AVAILABLE DATA:
================

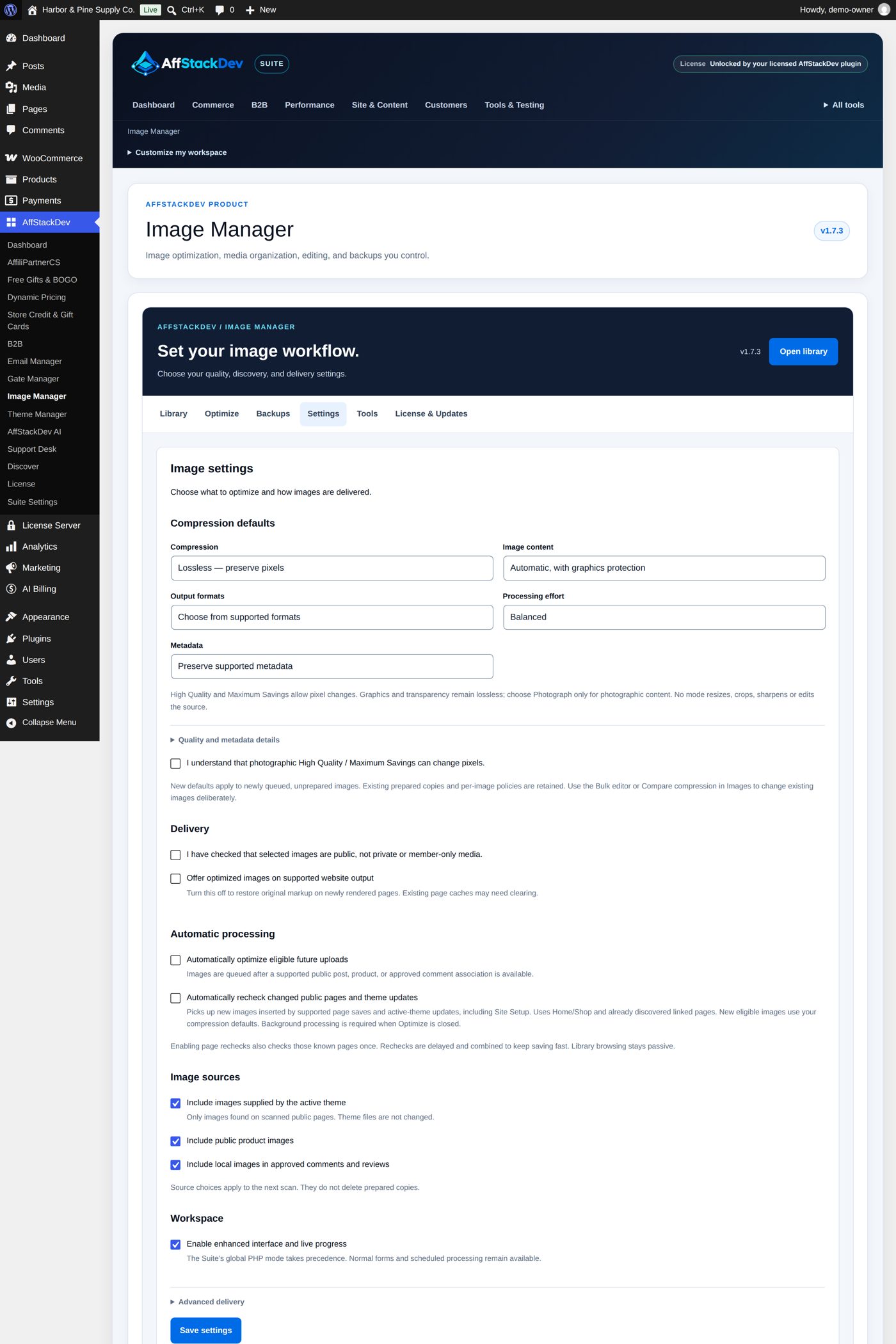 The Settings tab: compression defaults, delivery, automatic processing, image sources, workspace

================

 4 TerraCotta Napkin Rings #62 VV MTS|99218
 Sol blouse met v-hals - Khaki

================

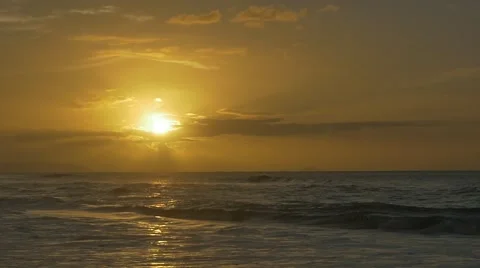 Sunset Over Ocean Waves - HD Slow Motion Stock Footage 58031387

================

WORK REQUIRED: Retype word for word everything in the listing above from the line that holds "4 TerraCotta Napkin Rings #62 VV MTS|99218" down to the line that holds "Sol blouse met v-hals - Khaki". Keep both end lines and leave out the rest.

OUTPUT OF THE TASK:
 4 TerraCotta Napkin Rings #62 VV MTS|99218
 Sol blouse met v-hals - Khaki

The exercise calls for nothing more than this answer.